----- RECORDED DATA -----
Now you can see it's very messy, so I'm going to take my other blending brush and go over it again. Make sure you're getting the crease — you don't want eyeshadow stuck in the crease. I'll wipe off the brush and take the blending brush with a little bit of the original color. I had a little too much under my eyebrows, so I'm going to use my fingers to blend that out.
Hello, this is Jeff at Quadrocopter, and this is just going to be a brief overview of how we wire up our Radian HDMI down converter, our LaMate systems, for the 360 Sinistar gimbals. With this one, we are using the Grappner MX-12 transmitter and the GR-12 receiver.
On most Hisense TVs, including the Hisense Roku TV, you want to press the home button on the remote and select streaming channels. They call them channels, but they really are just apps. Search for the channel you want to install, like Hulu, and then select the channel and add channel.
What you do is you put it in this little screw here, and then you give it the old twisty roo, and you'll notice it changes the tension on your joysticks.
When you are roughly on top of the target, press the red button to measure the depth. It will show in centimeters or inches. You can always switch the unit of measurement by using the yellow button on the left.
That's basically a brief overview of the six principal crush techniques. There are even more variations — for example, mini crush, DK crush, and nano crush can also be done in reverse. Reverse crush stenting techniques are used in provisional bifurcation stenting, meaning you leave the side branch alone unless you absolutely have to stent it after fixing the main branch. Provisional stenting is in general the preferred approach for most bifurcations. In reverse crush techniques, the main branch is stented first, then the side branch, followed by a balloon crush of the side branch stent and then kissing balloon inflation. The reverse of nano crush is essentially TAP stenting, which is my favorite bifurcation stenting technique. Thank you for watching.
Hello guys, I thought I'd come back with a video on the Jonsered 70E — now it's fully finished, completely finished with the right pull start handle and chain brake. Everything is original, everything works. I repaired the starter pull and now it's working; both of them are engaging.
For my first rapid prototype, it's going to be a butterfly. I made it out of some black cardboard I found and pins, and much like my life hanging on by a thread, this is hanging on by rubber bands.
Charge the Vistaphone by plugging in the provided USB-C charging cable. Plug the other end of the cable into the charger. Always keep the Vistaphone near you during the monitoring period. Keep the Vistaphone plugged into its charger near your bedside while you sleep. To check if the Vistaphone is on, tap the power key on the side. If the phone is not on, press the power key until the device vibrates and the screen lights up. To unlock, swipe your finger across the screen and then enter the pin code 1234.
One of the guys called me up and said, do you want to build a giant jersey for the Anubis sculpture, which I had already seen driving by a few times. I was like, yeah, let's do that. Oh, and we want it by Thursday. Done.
-----
Among the lines above, repeat exactly those from the line with "On most Hisense" to the line with "When you are", counting both ends.

- _SOLUTION BELOW_:
On most Hisense TVs, including the Hisense Roku TV, you want to press the home button on the remote and select streaming channels. They call them channels, but they really are just apps. Search for the channel you want to install, like Hulu, and then select the channel and add channel.
What you do is you put it in this little screw here, and then you give it the old twisty roo, and you'll notice it changes the tension on your joysticks.
When you are roughly on top of the target, press the red button to measure the depth. It will show in centimeters or inches. You can always switch the unit of measurement by using the yellow button on the left.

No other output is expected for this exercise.